Task brief:
Reproduce the data exactly and drop any pictures it holds.

Data to examine:
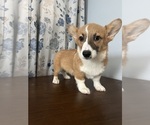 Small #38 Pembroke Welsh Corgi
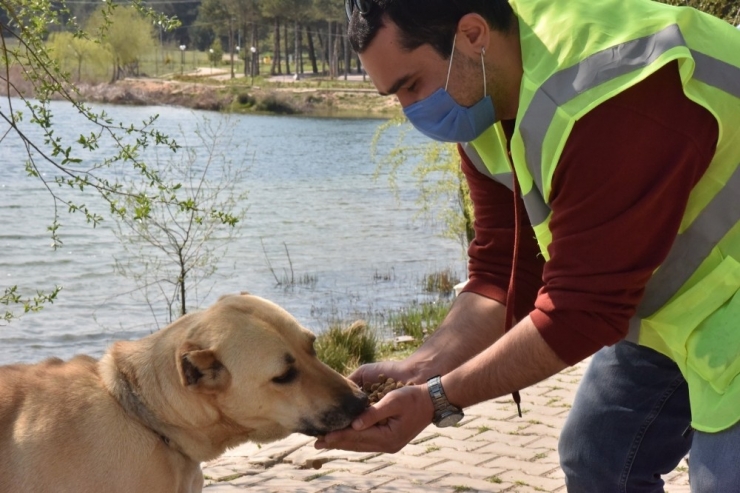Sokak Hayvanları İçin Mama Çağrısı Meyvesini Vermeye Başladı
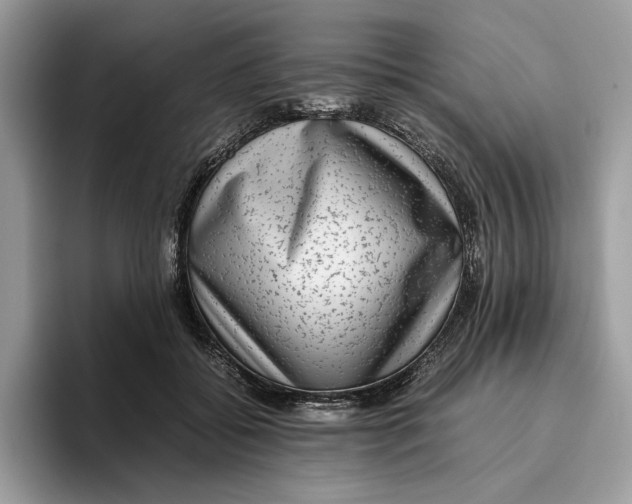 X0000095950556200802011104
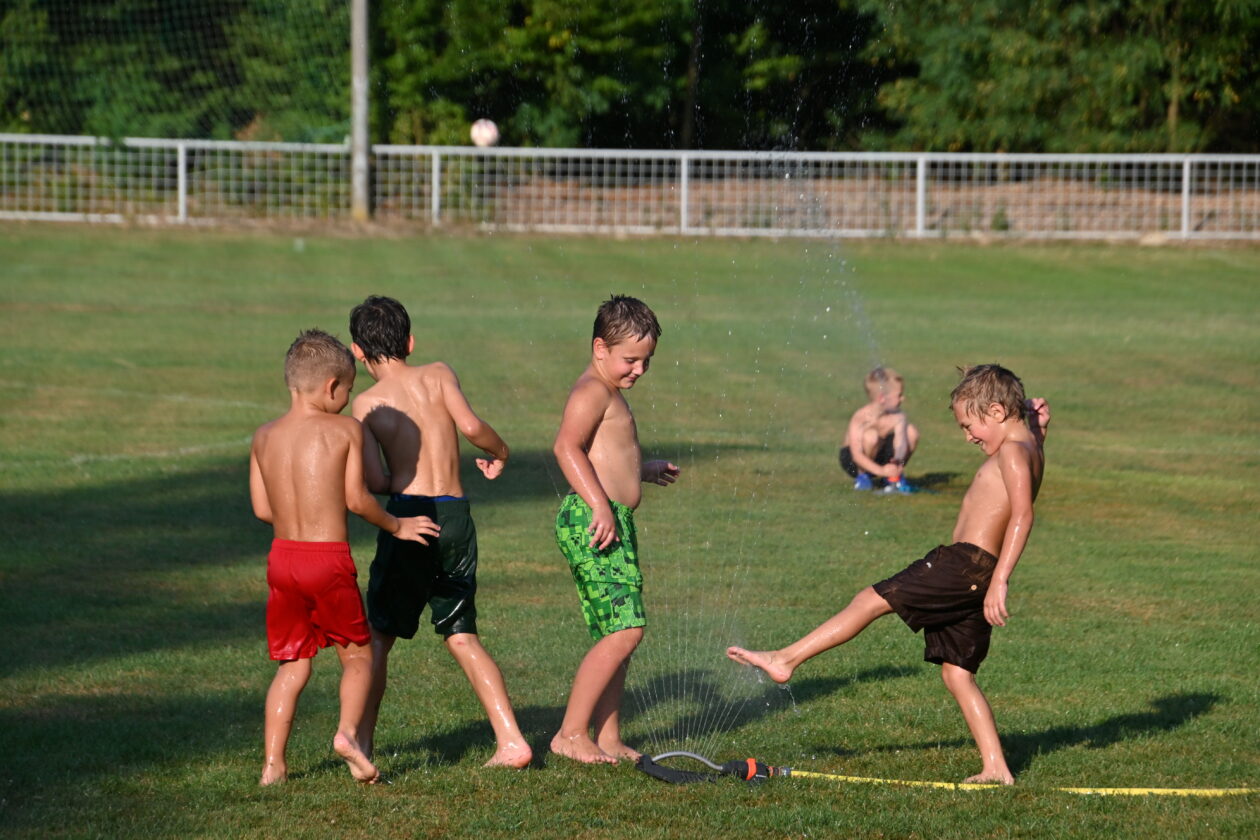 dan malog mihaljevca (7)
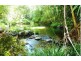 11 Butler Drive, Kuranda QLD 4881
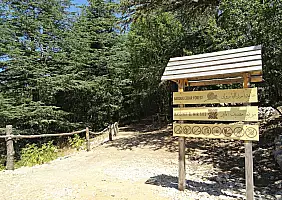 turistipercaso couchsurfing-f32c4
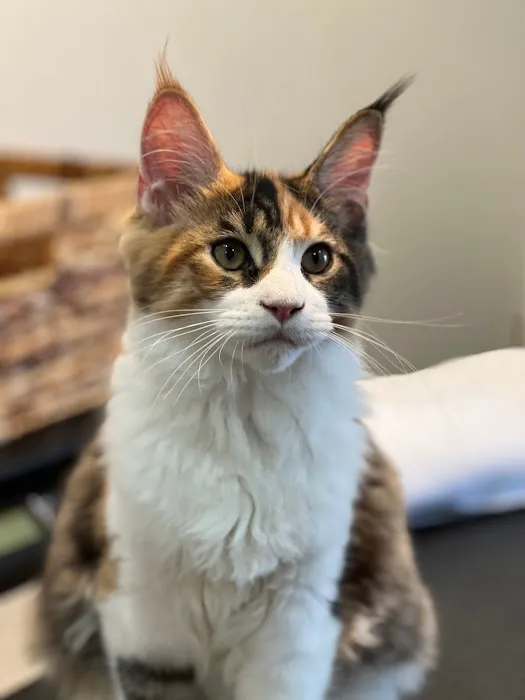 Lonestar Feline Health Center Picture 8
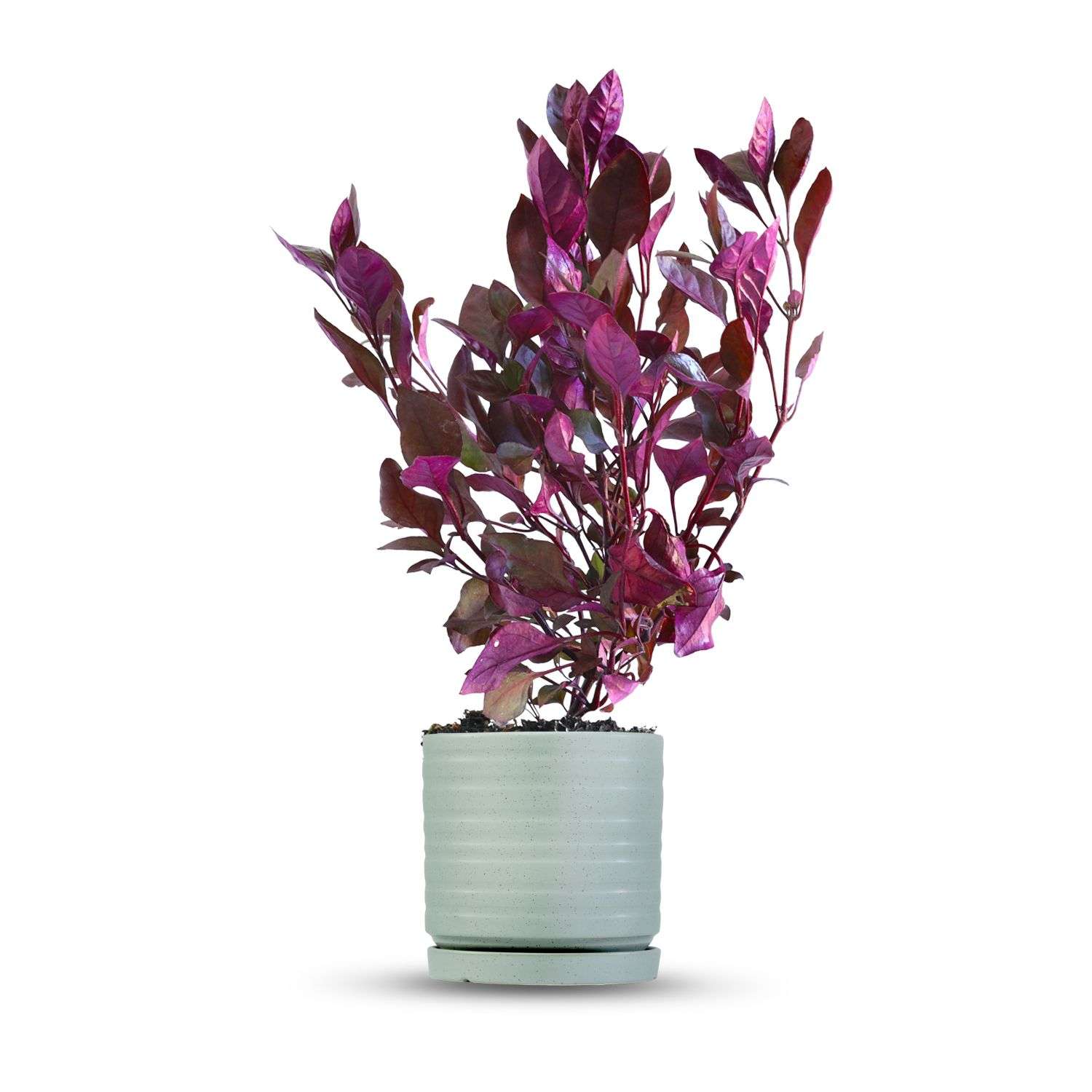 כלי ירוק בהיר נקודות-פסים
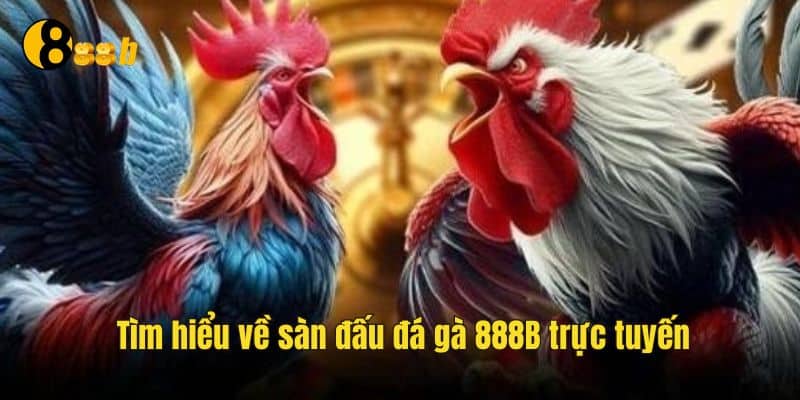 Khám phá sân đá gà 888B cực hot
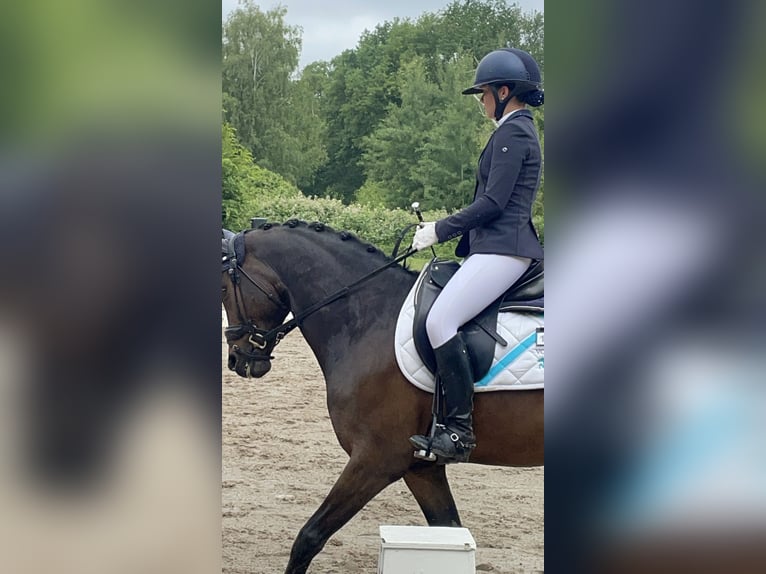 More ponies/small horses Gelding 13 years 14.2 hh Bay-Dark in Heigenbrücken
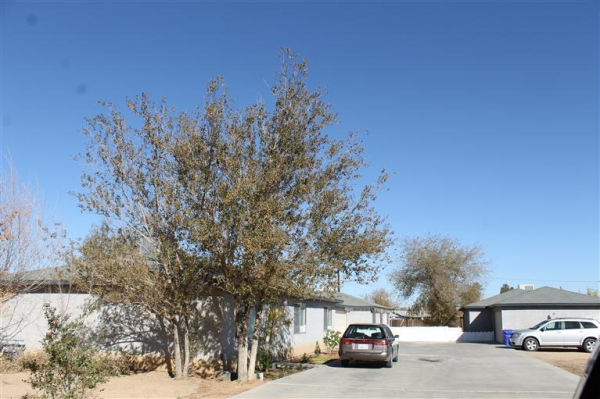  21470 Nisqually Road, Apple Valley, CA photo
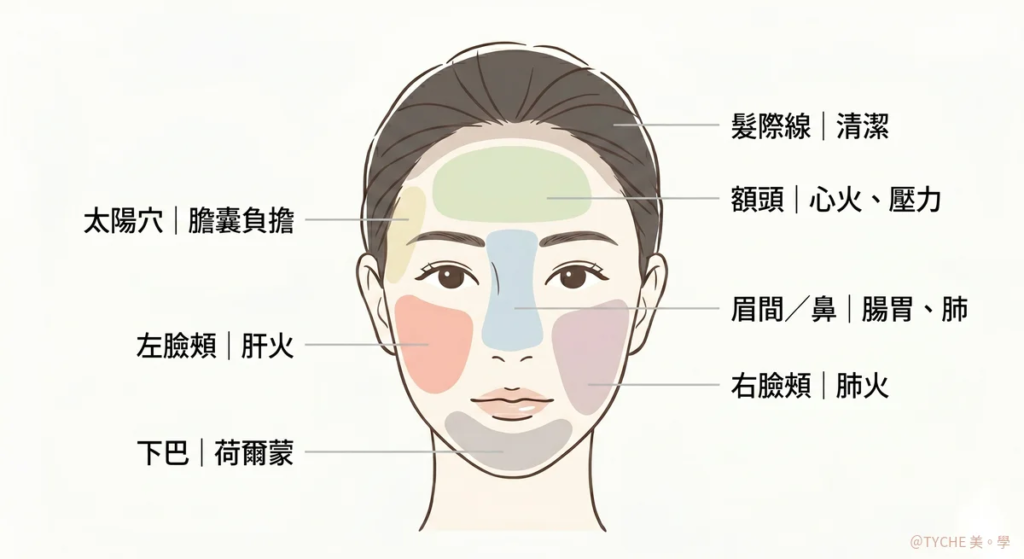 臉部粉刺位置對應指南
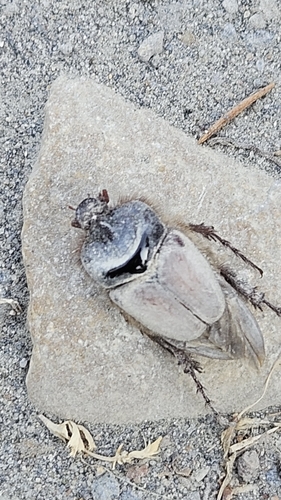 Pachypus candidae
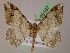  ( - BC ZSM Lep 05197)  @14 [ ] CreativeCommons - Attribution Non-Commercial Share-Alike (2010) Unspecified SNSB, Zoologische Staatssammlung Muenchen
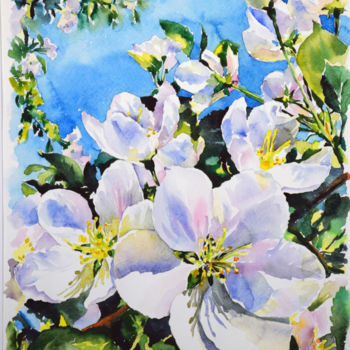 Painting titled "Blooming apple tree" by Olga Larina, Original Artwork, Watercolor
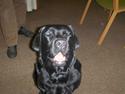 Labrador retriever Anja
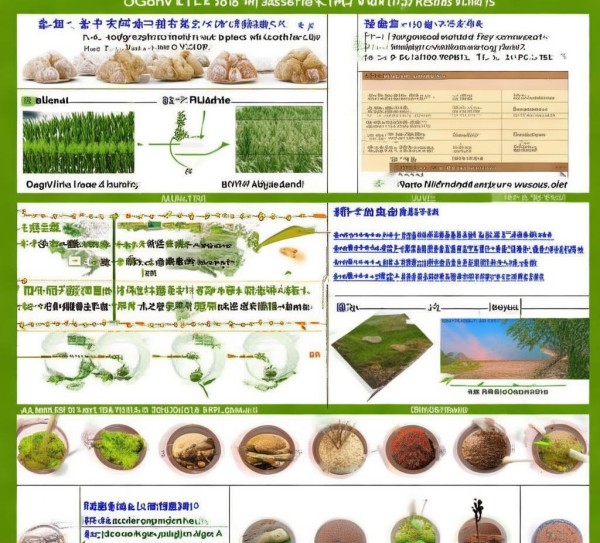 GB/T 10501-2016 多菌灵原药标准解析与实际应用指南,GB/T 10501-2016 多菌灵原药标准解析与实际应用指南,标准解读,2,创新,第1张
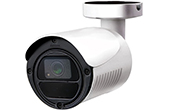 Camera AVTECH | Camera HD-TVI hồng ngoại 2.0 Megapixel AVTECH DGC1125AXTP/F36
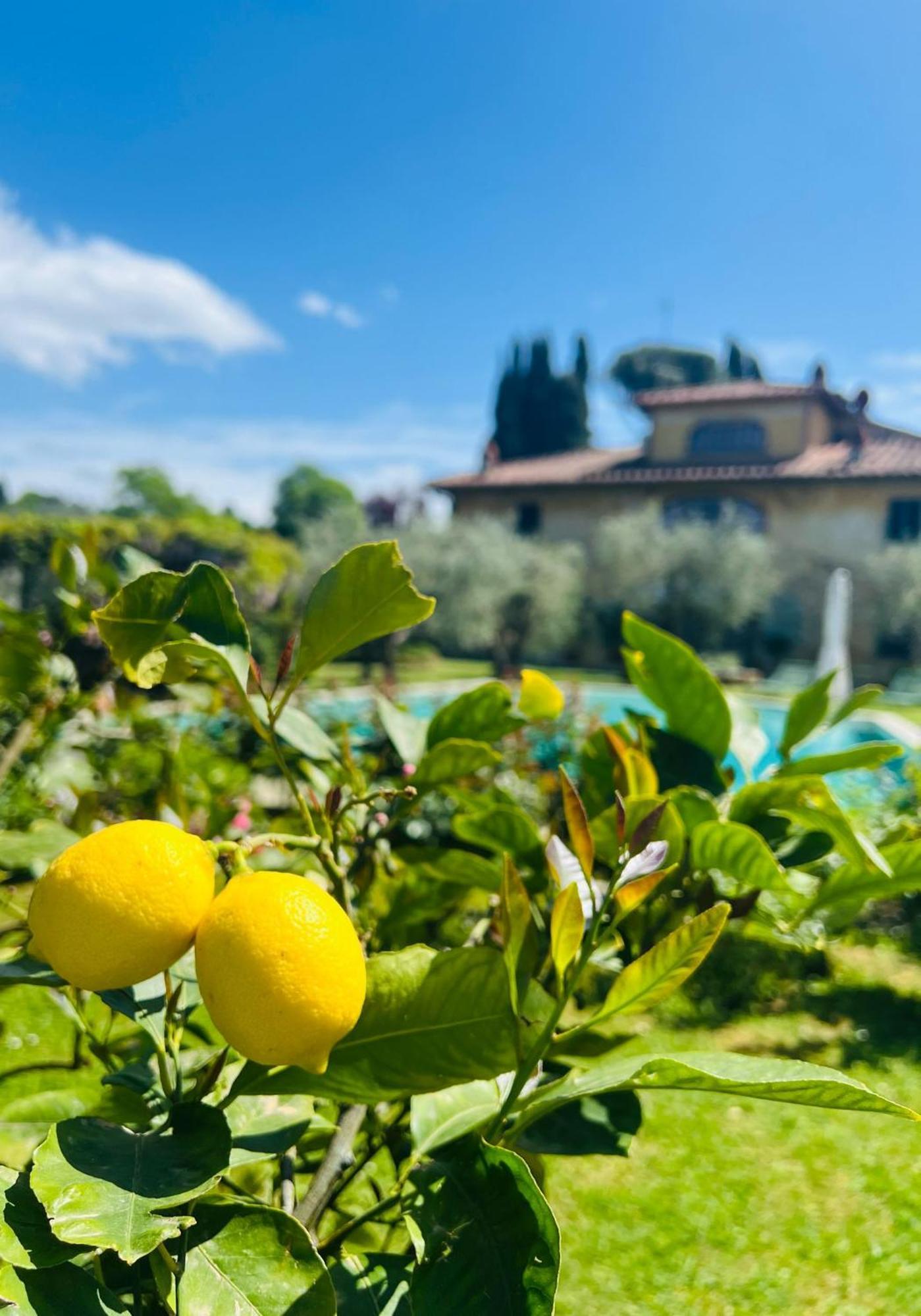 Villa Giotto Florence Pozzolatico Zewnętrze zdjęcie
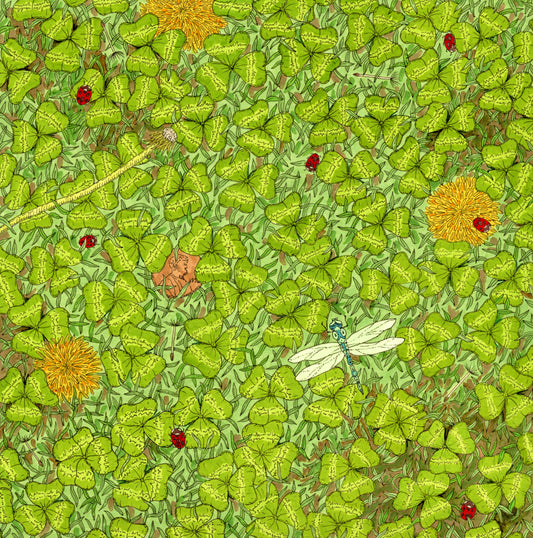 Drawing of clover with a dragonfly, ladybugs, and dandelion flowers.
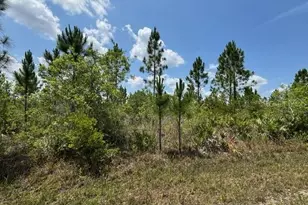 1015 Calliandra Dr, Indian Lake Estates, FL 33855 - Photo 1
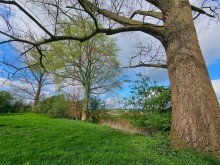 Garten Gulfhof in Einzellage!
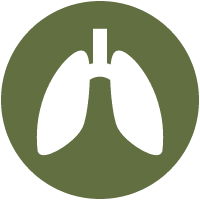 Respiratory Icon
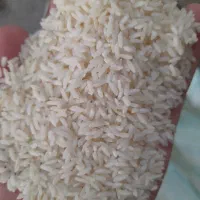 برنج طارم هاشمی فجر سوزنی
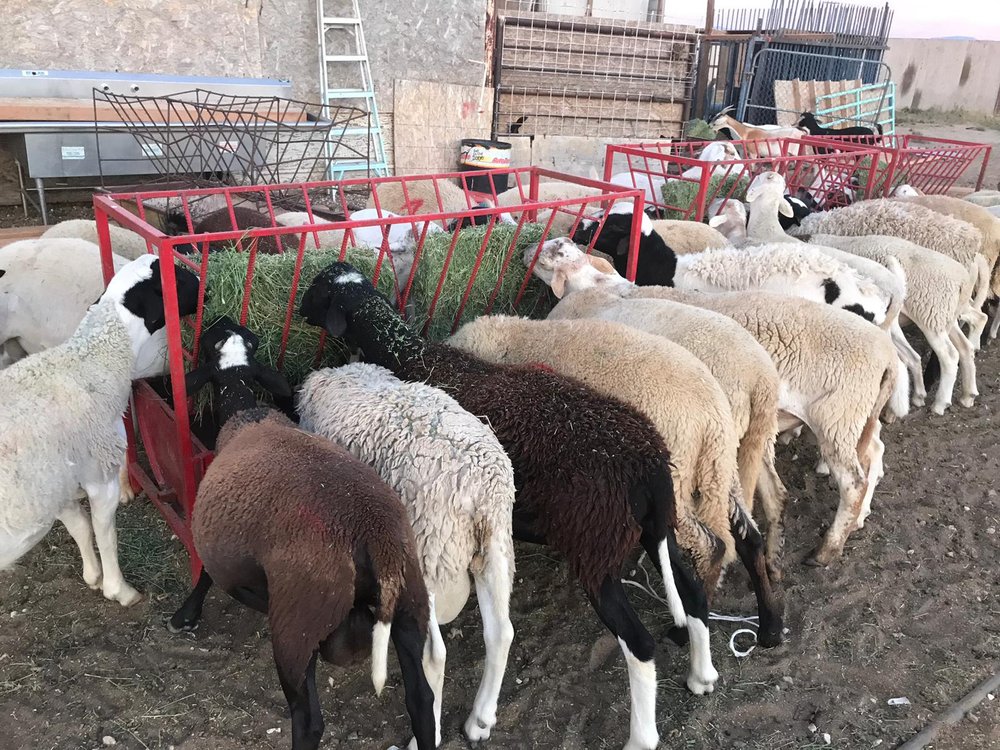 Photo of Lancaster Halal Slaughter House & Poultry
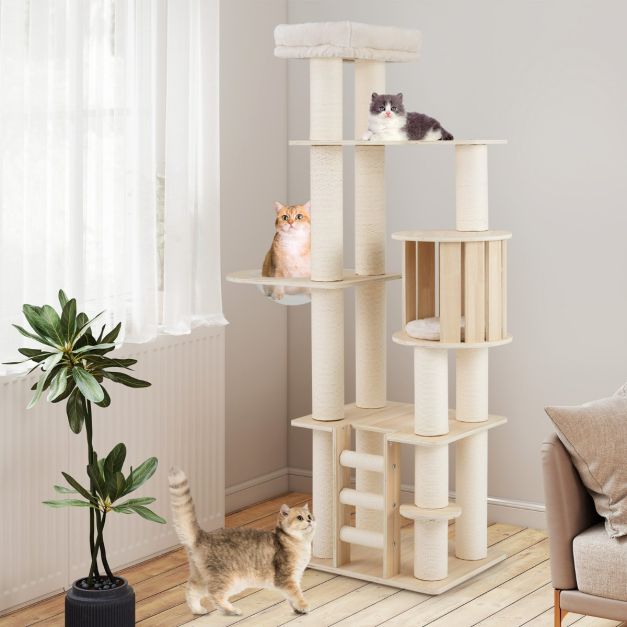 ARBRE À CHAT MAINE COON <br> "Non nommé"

Result of this task:
 Small #38 Pembroke Welsh Corgi
Sokak Hayvanları İçin Mama Çağrısı Meyvesini Vermeye Başladı
 X0000095950556200802011104
 dan malog mihaljevca (7)
 11 Butler Drive, Kuranda QLD 4881
 turistipercaso couchsurfing-f32c4
 Lonestar Feline Health Center Picture 8
 כלי ירוק בהיר נקודות-פסים
 Khám phá sân đá gà 888B cực hot
 More ponies/small horses Gelding 13 years 14.2 hh Bay-Dark in Heigenbrücken
  21470 Nisqually Road, Apple Valley, CA photo
 臉部粉刺位置對應指南
 Pachypus candidae
  ( - BC ZSM Lep 05197)  @14 [ ] CreativeCommons - Attribution Non-Commercial Share-Alike (2010) Unspecified SNSB, Zoologische Staatssammlung Muenchen
 Painting titled "Blooming apple tree" by Olga Larina, Original Artwork, Watercolor
 Labrador retriever Anja
 GB/T 10501-2016 多菌灵原药标准解析与实际应用指南,GB/T 10501-2016 多菌灵原药标准解析与实际应用指南,标准解读,2,创新,第1张
 Camera AVTECH | Camera HD-TVI hồng ngoại 2.0 Megapixel AVTECH DGC1125AXTP/F36
 Villa Giotto Florence Pozzolatico Zewnętrze zdjęcie
 Drawing of clover with a dragonfly, ladybugs, and dandelion flowers.
 1015 Calliandra Dr, Indian Lake Estates, FL 33855 - Photo 1
 Garten Gulfhof in Einzellage!
 Respiratory Icon
 برنج طارم هاشمی فجر سوزنی
 Photo of Lancaster Halal Slaughter House & Poultry
 ARBRE À CHAT MAINE COON <br> "Non nommé"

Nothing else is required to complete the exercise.